** RECORDED INFORMATION follows **
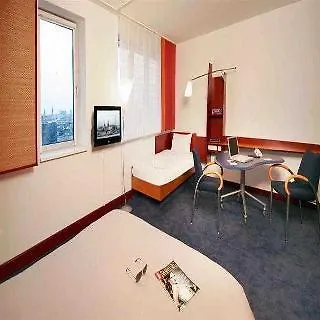 Novotel מלון 3*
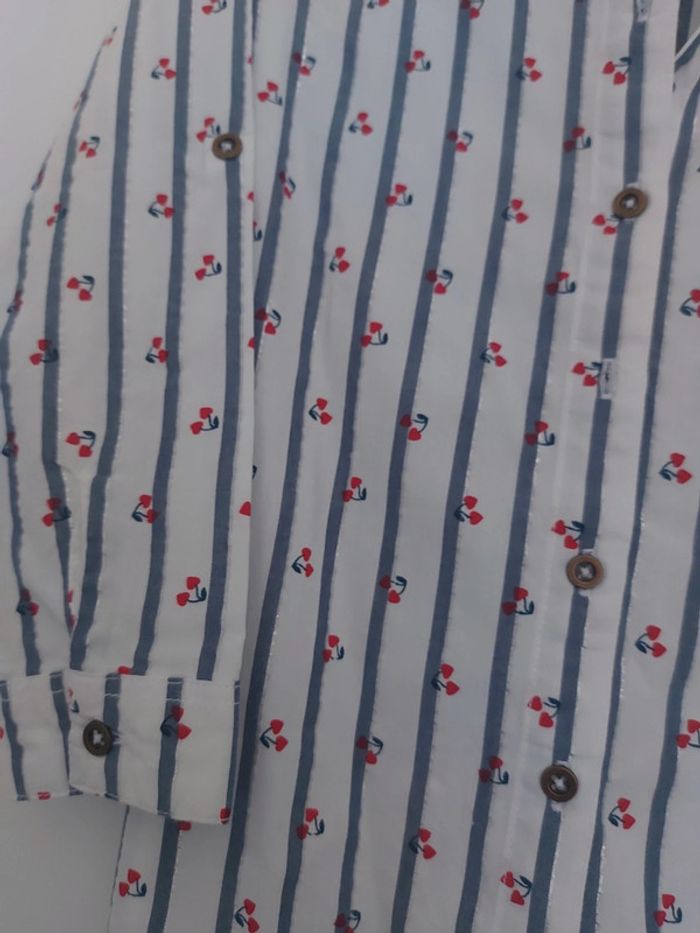 Chemise cerises lili marelle 8 ans Neuve sans étiquette - photo numéro 3
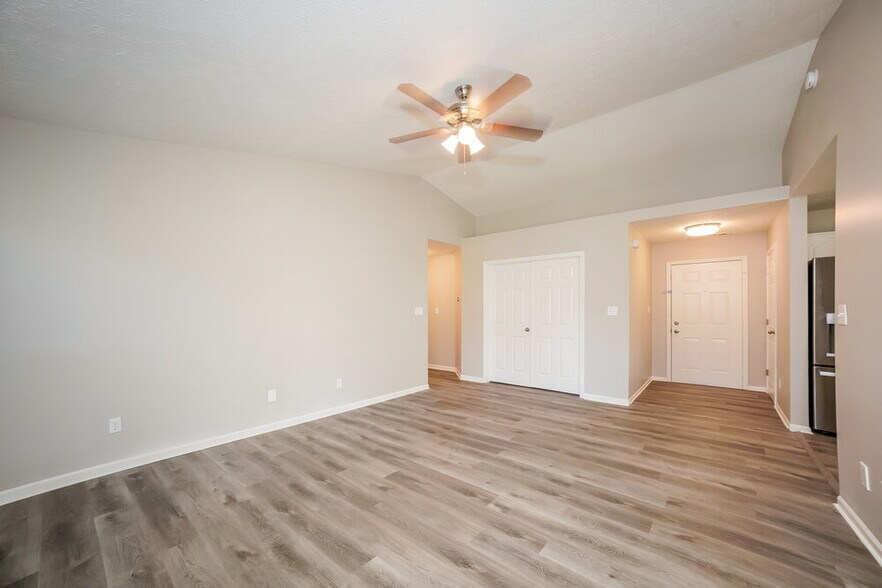Building Photo - 509 Village Blvd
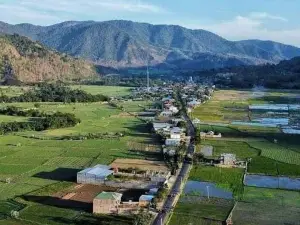 Lapangan Desa Tangga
** End of RECORDED INFORMATION **
**WHAT TO PRODUCE**: "Building Photo - 509 Village Blvd" marks the first line to be returned; return exactly that line and every line after it through the last line of the listing, omitting pictures.

**EXERCISE OUTPUT**:
Building Photo - 509 Village Blvd
 Lapangan Desa Tangga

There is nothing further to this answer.